Good quality salt such as sea or rock salt contains vital electrolytes, micro-nutrients and minerals which help to maintain hydration, support your kidneys, reduce fatigue, lessen sugar cravings and balance blood pressure. Avoid table salt because it’s manufactured sodium chloride, highly refined, has synthetic chemicals added and lacks the essential minerals. Rock salt and sea salt are harvested naturally to maintain the perfect balance of essential minerals.

Maintaining optimum hydration levels by drinking warm water and consuming around half a teaspoon of sea or rock salt daily helps to reduce fatigue, lessen sugar cravings and balance blood pressure. Try starting your day with a pinch of salt in a mug of warm water and note if there is a difference in how you feel throughout the day.

Kidney energy is supported with foods from the water element such as fish and seaweed, and naturally salty foods such as miso, soy sauce (or tamari) and salted preserves. This means it’s a great time of year to look at traditionally prepared East Asian foods and recipes.

Slow-Cooked Foods

Thick soups and stews simmered for several hours. Vegetables gently roasted in the oven until the edges are lightly caramelised. Meats cooked until they fall off the bone. Grains soaked overnight and warmed into thick porridges in the morning. These dishes are winter fare at its best.

Soaking grains such as oats makes their nutrients more available, so they become easier to digest. Try soaking oats in water overnight (at a 2:1 ratio.) In the morning, gently heat and stir in some butter or coconut oil, a pinch each of salt and cinnamon, and any natural unrefined sweeteners you like such as honey or molasses. Top with toasted nuts or stewed fruits for a nourishing and sustaining start to the day.
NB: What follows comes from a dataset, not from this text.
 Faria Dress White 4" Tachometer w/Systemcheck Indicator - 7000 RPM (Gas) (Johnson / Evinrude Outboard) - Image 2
Broths made from simmering potassium-rich vegetables or roasted bones can be made on a weekly basis and stored ready to make a nourishing hot drink, or added to soups, stews, sauces and noodles. Don’t forget to salt generously! Keep things interesting by trying some of the following flavour combinations:

  • Garlic, ginger, chilli and tamari (add a pinch of seaweed as well if you have some)
  • Rosemary, sage, thyme
  • Turmeric and black pepper

Seasonal Vegetables

Winter is all about roots and deep green leafy veggies, and bowls of comfort food to warm your hands and belly when it’s cold and wet outside. Here are some simple vegetable dishes for you to try:

  • Mash a combination of boiled potato, carrot, celeriac, parsnips and swede with cooked leeks and cabbage for tasty bubble and squeak.
  • Shred cabbage or kale and flash fry in butter or coconut oil before topping with one of the flavoured broths suggested above.
  • Fry any leafy or cruciferous greens in plenty of butter or coconut oil with garlic and caraway or cumin seeds to serve as a side dish.
  • Sauté parsnip or carrot matchsticks with garlic and cinnamon, cumin seeds, thyme or caraway seeds.
  • Roast diced sweet potato or pumpkin with chilli, sage and sweet smoked paprika.
  • Roast a whole sweet potato and top with coconut oil, honey, tahini and toasted chopped hazelnuts.

What seasonal produce do you look forward to in winter?